Quelques impressions additionnelles sur Buenos Aires
Je suis heureux cette semaine. Vraiment heureux. Et ce n’est pas rien, parce que le bonheur d’un voyage repose souvent sur des fondations simples : un réseau cellulaire accessible, les cartes bancaires qui fonctionnent et la tête qui ne tourne pas à cause de problèmes de base. À quoi bon profiter d’une ville magnifique si l’on est constamment en train d’éteindre des incendies logistiques? Au lieu de gérer des problèmes, je préfère manger des sandwiches jambon-fromage dans un parc et savourer une température presque parfaite. Mais, il y a des défis à résoudre au début… constamment.
“Cash is king” — Western Union est mon nouvel ami
La grande découverte de la semaine, c’est le système bancaire local. Première tentative : le guichet automatique classique. Je veux retirer 60 dollars, histoire de tester. Les frais affichés : 14 dollars. Pour 60 dollars. On annule, on respire, on trouve une autre solution.
Cette autre solution, c’est Western Union. J’avais lu quelque part que c’était la méthode pour obtenir les meilleurs taux de change ici, et c’est vrai. Faites des recherches sur le taux “blue”.
L’expérience est... dépaysante. Les agentes derrière une vitre blindée m’ont demandé mon passeport pour le scanner. Mon précieux document s’est retrouvé derrière des portes blindées... pour un retrait de 60 dollars. Le cœur a fait un bond, mais tout s’est bien passé. J’ai fait ce que je fais chaque mois : un transfert de moi à moi. C’est le truc!
Le taux pour retirer “en cash” est même meilleur que payer avec une carte de crédit dans les commerces. De plus, certains commerçants donne 10% de rabais si on paye “cash”. À savoir. Pour un voyage de deux semaines, ça paraît peu, mais pour un long séjour, ça permet de sauver un peu pour aller au restaurant une fois de plus !
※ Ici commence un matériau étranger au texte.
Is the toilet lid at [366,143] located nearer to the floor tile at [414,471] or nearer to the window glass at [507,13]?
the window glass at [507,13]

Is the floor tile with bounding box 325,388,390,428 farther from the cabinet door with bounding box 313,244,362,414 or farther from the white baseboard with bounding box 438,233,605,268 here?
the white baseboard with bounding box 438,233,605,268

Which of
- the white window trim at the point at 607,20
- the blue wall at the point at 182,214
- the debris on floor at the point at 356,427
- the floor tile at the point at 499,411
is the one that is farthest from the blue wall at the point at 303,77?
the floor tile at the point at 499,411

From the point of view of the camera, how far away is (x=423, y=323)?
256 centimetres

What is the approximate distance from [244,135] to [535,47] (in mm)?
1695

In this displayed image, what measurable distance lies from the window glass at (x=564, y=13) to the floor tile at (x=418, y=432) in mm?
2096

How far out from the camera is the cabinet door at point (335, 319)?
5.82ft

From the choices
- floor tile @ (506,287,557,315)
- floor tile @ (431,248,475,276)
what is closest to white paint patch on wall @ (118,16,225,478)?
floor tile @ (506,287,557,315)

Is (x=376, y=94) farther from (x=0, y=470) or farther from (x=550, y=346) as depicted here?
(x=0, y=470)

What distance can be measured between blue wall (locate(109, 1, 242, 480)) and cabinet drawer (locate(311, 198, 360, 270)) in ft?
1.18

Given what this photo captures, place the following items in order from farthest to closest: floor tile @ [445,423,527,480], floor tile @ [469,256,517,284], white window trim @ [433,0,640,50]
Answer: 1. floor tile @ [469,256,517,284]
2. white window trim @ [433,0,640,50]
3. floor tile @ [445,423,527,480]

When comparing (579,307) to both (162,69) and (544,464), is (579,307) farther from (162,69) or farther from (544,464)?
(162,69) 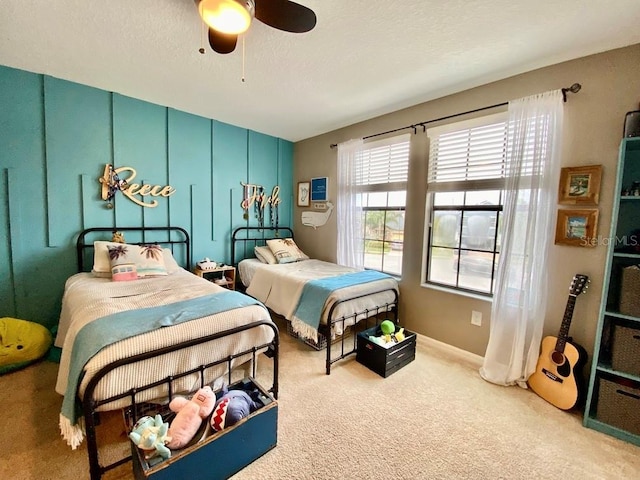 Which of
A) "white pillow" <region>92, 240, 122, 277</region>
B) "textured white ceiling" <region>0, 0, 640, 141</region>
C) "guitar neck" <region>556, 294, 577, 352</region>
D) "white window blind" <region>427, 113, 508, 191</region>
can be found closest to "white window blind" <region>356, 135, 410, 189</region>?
"white window blind" <region>427, 113, 508, 191</region>

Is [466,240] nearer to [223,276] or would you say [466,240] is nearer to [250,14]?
[250,14]

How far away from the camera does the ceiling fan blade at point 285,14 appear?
50.3 inches

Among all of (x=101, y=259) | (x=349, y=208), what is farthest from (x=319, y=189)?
(x=101, y=259)

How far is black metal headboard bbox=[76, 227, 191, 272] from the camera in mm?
2691

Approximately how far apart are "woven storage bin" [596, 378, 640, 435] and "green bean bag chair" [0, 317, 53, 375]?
420cm

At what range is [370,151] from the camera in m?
3.31

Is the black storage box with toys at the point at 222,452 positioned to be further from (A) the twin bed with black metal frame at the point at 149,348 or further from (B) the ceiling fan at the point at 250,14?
(B) the ceiling fan at the point at 250,14

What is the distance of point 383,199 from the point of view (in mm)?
3287

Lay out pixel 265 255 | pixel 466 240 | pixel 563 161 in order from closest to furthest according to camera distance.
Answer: pixel 563 161
pixel 466 240
pixel 265 255

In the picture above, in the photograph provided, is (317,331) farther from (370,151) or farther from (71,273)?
(71,273)

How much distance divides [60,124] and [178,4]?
1.91 m

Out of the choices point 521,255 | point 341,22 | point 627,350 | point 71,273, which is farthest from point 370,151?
point 71,273

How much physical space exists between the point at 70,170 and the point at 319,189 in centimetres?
275

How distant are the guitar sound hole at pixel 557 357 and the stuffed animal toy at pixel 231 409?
2.11 metres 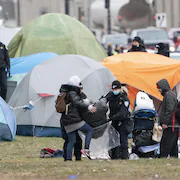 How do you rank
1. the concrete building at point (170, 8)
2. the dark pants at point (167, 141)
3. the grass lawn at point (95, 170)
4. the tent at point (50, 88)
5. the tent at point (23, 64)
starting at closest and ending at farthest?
1. the grass lawn at point (95, 170)
2. the dark pants at point (167, 141)
3. the tent at point (50, 88)
4. the tent at point (23, 64)
5. the concrete building at point (170, 8)

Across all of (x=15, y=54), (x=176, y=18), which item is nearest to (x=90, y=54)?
(x=15, y=54)

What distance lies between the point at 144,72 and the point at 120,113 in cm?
537

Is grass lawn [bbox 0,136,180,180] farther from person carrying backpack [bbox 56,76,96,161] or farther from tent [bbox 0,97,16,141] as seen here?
tent [bbox 0,97,16,141]

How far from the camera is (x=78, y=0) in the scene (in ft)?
277

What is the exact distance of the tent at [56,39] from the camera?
81.7 ft

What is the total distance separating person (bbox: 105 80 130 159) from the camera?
14.3 metres

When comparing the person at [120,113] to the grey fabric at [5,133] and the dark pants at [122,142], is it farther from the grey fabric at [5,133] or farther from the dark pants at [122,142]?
the grey fabric at [5,133]

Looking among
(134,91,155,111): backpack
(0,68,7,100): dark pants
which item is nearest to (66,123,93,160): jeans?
(134,91,155,111): backpack

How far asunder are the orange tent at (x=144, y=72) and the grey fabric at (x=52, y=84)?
0.75 meters

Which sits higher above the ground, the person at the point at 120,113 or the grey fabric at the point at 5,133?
the person at the point at 120,113

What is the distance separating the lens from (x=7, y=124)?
663 inches

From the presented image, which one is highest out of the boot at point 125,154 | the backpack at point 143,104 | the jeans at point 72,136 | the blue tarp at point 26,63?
the backpack at point 143,104

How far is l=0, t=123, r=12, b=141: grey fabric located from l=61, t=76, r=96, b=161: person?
3600mm

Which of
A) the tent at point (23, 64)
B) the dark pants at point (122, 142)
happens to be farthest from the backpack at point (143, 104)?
the tent at point (23, 64) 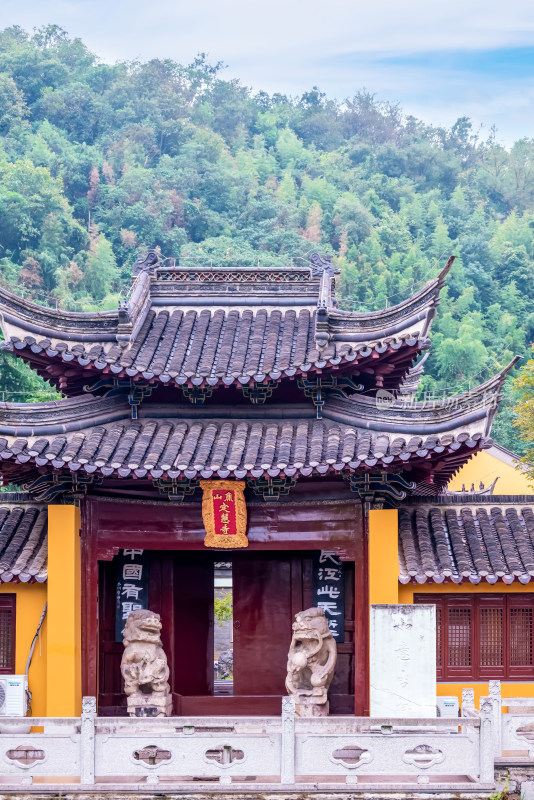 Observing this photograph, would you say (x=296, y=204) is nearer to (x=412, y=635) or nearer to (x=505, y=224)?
(x=505, y=224)

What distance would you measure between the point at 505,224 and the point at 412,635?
256ft

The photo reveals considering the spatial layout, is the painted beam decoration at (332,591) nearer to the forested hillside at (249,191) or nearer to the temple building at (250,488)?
the temple building at (250,488)

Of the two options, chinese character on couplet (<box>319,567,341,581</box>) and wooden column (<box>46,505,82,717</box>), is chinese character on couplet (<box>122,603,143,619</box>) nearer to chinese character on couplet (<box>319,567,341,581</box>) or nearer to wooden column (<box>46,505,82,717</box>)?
wooden column (<box>46,505,82,717</box>)

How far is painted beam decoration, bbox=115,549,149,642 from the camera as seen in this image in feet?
59.1

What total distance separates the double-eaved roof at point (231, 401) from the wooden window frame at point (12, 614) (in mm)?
1638

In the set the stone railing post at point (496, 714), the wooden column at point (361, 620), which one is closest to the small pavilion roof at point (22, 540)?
the wooden column at point (361, 620)

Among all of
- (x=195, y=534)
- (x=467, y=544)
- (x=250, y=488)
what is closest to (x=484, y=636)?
(x=467, y=544)

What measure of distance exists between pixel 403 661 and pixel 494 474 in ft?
71.8

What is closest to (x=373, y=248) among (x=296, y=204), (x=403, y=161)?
(x=296, y=204)

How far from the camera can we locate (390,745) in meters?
13.1

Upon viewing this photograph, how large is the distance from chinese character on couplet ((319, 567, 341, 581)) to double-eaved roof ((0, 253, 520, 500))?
6.78ft

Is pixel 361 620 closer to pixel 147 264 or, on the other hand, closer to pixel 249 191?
pixel 147 264

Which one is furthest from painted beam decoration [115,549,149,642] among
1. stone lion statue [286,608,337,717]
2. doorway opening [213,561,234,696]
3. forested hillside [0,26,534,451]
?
forested hillside [0,26,534,451]

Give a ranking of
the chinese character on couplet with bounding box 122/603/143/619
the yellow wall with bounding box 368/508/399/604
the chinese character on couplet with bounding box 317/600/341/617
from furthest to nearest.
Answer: the chinese character on couplet with bounding box 122/603/143/619 → the chinese character on couplet with bounding box 317/600/341/617 → the yellow wall with bounding box 368/508/399/604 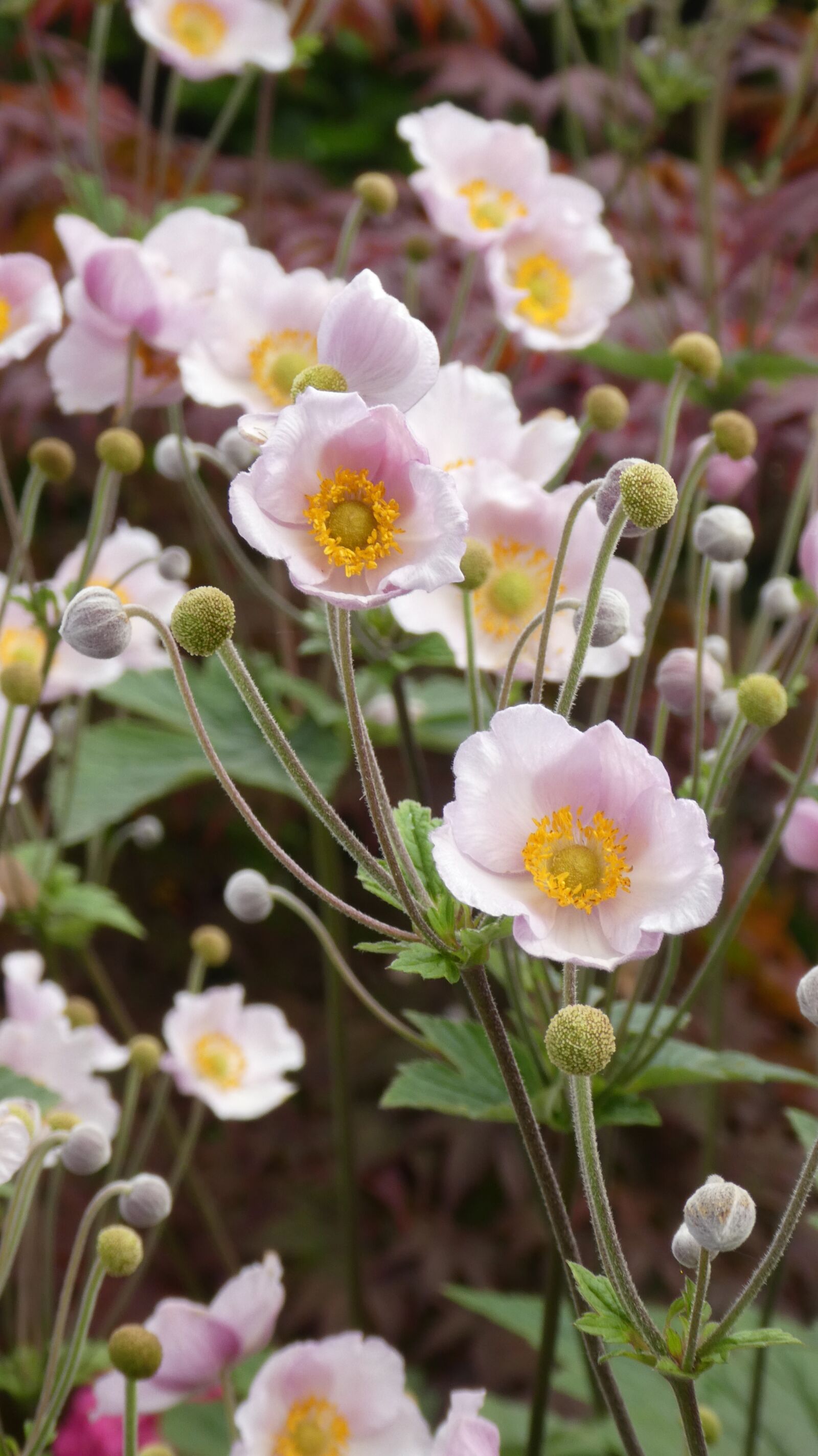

Voici ma richesse cette semaine.
1$ CAD = 1000 pesos argentin environ.
20$ CAD = 20 000 pesos argentin environ.
Les gens, la vraie richesse de la ville
Ce qui m’a le plus frappé depuis notre arrivée, ce ne sont pas les prix ni la logistique — c’est la gentillesse des gens. Ça a commencé dès l’arrivée avec Joseph, le concierge de l’immeuble, toujours disponible et souriant. Puis Andréa, la fille de la propriétaire, qui nous a spontanément aidés à trouver une école de langue. Des gestes simples, mais qui changent tout quand on débarque dans un nouveau pays.
J’ai hâte de parler espagnol pour pouvoir avoir une discussion plus profonde avec eux. C’est le plus gros enjeu à relever pour nous. Soyons patient, ça viendra.
L’épicerie, un certain défi.
L’inflation a frappé dur à Buenos Aires. Ça paraît. Certains produits sont vraiment chers : Des chips à 8$ CAD, les fromages à 15$, le poulet à 22$, le café et le pain en général sont plus cher qu’à Montréal et les quantités sont petites.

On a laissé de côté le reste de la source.